I’m in the process or preparing a short CPD session for colleagues on the free, open-source sound- recording and editing program, Audacity. When pitching the idea, I suggested that we could each prepare a Desert Island Discs CD, featuring 1 minute each of eight tracks. In addition to learning such aspects of the program as fade-ins and fade-outs, it would encourage us to discuss music with one another – a thing which, somewhat ironically, rarely happens. The other irony is that, in seeking accommodation, I discovered that the room containing the most computers, loaded with Audacity is not in a Music department, but CDT.
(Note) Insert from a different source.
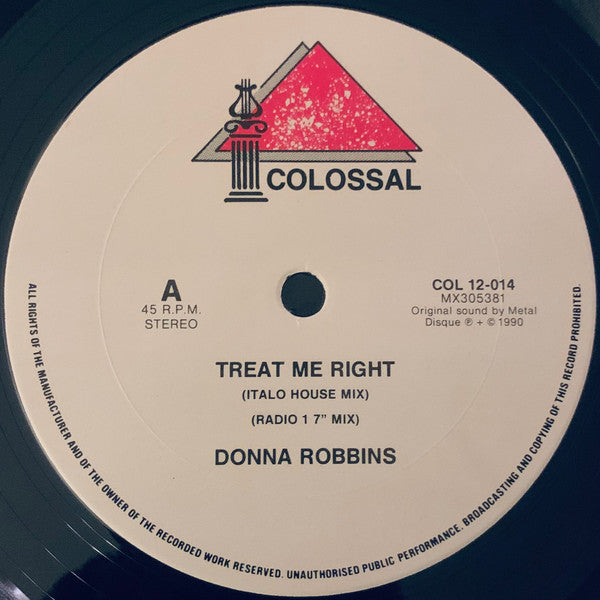 Donna Robbins : Treat Me Right (12")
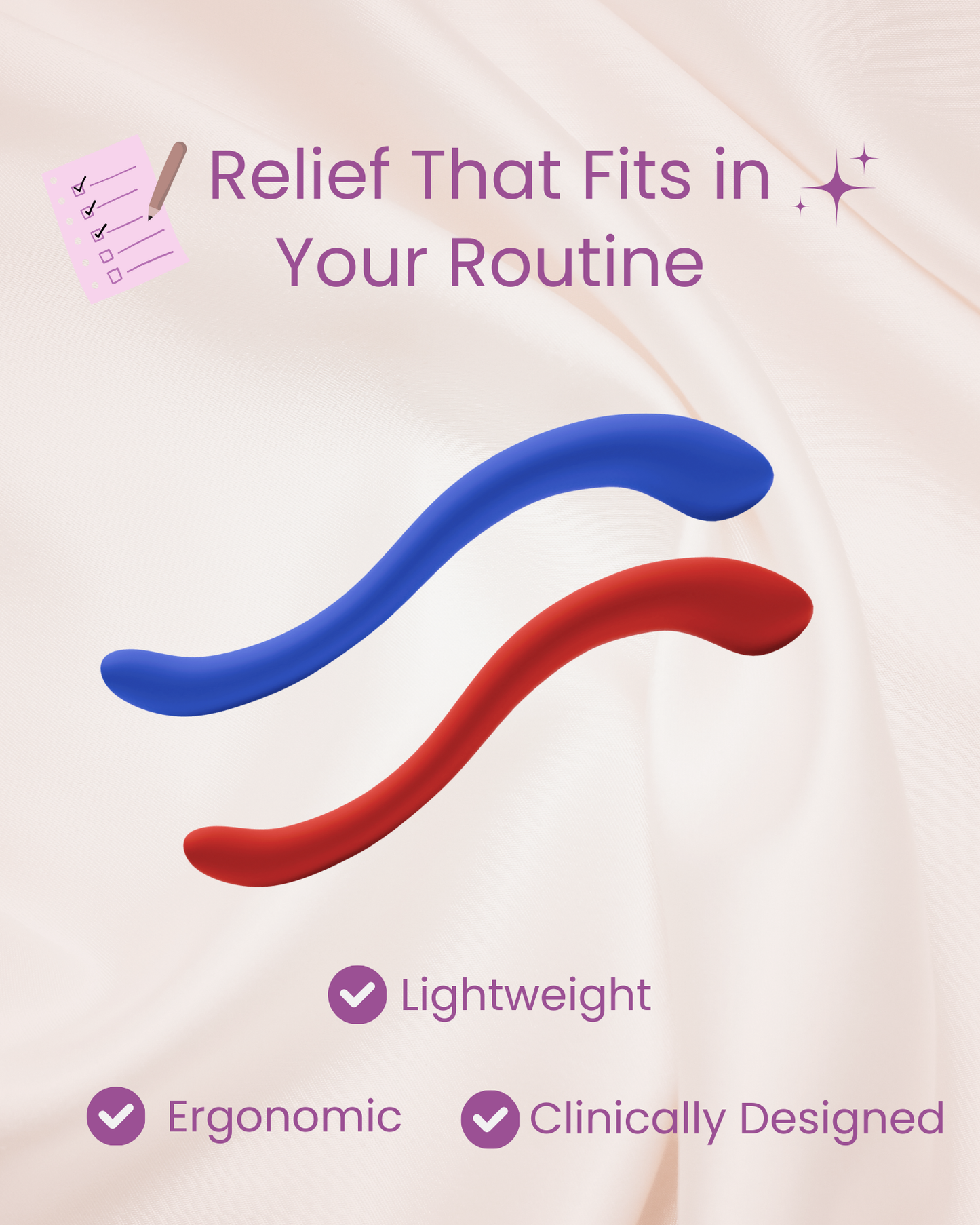 Pelvic Wand for Vaginismus & Pelvic Pain Relief – Red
To experiment with cross-fading, I’ve cut down my original Desert Island Disc extracts to a few seconds. This is the sort of mashup one could use to give an overall flavour of, say, a school concert. While I think you’ll agree that this selection desert-island-discs-mashup doesn’t represent the ideal dinner party mix, it probably doesn’t matter as, on a desert island, one tends to dine alone. “Just as well,” some of you may say upon hearing these extracts.


Music, memory & emotion

The second half of yesterday’s Material World came from The Cavern, where the BA Festival of Science – Brains, Drugs & Rock ‘n’ Roll was considering the fields of music, memory and emotion.

One thing to emerge was that important memories, associated with specific pieces of music, tend to be formed between the ages of 15 & 25. I’d come across this notion a few times and, for some reason, was reluctant to believe it – almost as though it belittled musical content of the remaining 23 years. However, when considering tracks for a Desert Island Discs project I recently proposed for an In Service* many were works I’d come across in that very period. Why not consider your own choices and see whether this is true of you?

The programme mentioned the The Magical Memory Tour which invites people to contribute a memory associated with the Beatles.

You can listen again or download a podcast from the Material World site – until Thursday 18th.

* the idea here, rather than simply listening to music at tax payers expense is to encourage colleagues to experiment with sound editing software (such as Source Forges excellent and free program, Audacity) to produce 8 x 1 minute extracts, each intended to convey specific expressive ideas. I think it would be interesting to see one another discuss expressive content, emotion, composition, technique, cultural and personal context etc.